To commence fence installation, begin by driving four corner rods approximately one foot deep into the soil along the garden’s perimeter. Subsequently, insert the remaining support rods at intervals of 8 to 12 feet to maintain wire tension. Slide an insulator onto each post, positioning them at 30 inches above ground level. Next, encircle the four corner posts with polytape, threading it through the insulators. Hand-tighten the polytape and secure the ends to an insulator with a square knot to uphold tension. For additional protection against woodchucks, rabbits, raccoons, as well as deer, incorporate insulators and a lower wire set at 6 inches above ground level.

Mount the fence charger onto a wooden post or adjacent building, connecting a bare wire from the polytape to the charger to activate the fence. Adhere to the manufacturer’s guidelines to install adequate ground rods for the charger.

Lastly, assess the line voltage using a digital voltage meter to ensure it aligns with the manufacturer’s specifications. While a non-digital voltage tester can confirm the presence of a charge, it cannot ascertain whether the fence is operating at optimal voltage. Investing a nominal additional sum of approximately $10 in a digital meter is advisable.

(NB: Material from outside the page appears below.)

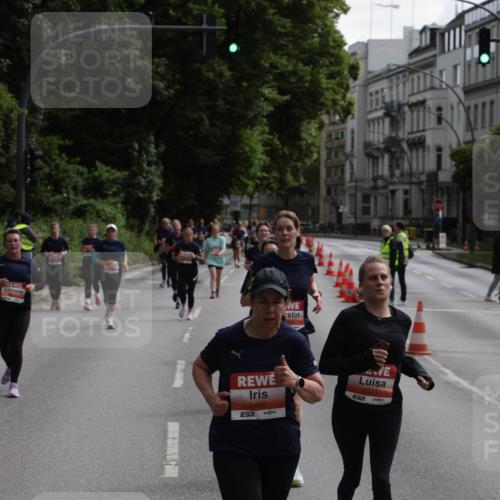 14.06.2026 - REWE Women's Run Jannik Wohlers http://msf.ph/oto/9817821 14.06.2026 10:57:57 Laufen 5460, 5521 meine-sportfotos.de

Installing the electric fence

  • Space the fiberglass rods 8 to 12 feet apart along the garden’s perimeter, driving them one foot into the soil.
  • Position a plastic insulator on each rod at a height of 30 inches above ground level, then thread the polytape through the insulators. After stringing the polytape, pull it tightly and secure the end to an insulator using a square knot.
  • Position the charger near the fence gate and connect a bare wire from the polytape’s end to the charger.
  • Install sufficient grounding rods as per the manufacturer’s guidelines. Lastly, ensure the polytape is carrying a full charge by testing the line with a voltage meter.

The electric fence should remain active 24 hours a day, as deer frequently forage during the night. Operating an AC-powered fence charger should incur a daily cost of less than $1, with no additional expenses for solar-powered units.

With the fence charger deactivated, the next step involves incorporating either a repellent or an attractant. To deter deer, affix cloth strips to the polytape at 4-foot intervals and spray them monthly with a deer repellent containing putrescent eggs as the active ingredient.

Alternatively, to entice deer, utilize aluminum-foil tabs. Apply a small amount of peanut butter on the inside of each tab and secure it with a staple. Alternatively, treat the entire length of the polytape with a peanut butter mixture using a paint roller. Prepare a sticky liquid by mixing vegetable oil and peanut butter in a tray, then apply it to the fence with the roller. A single application of peanut butter should suffice for the entire summer season.

Enhancing the effectiveness of any electric fence system involves installing it before the initial signs of wildlife damage appear. Preventing critters from breaching the fence is much simpler if they are unaware of the enticing food within. For those who have experienced plant losses previously, installing the electric fence early in the growing season, before damage occurs, is advisable. With diligent fence installation and maintenance, one can relish in a garden free from deer intrusion.